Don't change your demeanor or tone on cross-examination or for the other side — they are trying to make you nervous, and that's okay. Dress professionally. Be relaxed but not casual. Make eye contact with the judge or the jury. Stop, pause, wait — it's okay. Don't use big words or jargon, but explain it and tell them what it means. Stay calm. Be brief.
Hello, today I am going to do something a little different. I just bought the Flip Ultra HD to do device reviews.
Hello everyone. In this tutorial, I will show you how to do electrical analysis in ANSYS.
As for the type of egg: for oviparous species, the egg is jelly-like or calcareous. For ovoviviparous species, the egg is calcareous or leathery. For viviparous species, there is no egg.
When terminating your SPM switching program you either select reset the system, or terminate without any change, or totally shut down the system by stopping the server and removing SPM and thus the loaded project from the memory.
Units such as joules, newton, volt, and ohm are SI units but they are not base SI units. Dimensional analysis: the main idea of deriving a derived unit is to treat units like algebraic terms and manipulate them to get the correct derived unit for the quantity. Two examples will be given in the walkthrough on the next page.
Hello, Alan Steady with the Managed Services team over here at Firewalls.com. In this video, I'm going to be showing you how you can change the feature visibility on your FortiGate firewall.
====
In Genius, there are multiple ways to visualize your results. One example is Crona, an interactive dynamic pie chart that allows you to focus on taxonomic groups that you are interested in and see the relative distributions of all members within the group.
====
From the listing above, output exactly the run of lines that starts with the line containing "Don't change your" and ends with the line containing "Hello everyone. In".

Don't change your demeanor or tone on cross-examination or for the other side — they are trying to make you nervous, and that's okay. Dress professionally. Be relaxed but not casual. Make eye contact with the judge or the jury. Stop, pause, wait — it's okay. Don't use big words or jargon, but explain it and tell them what it means. Stay calm. Be brief.
Hello, today I am going to do something a little different. I just bought the Flip Ultra HD to do device reviews.
Hello everyone. In this tutorial, I will show you how to do electrical analysis in ANSYS.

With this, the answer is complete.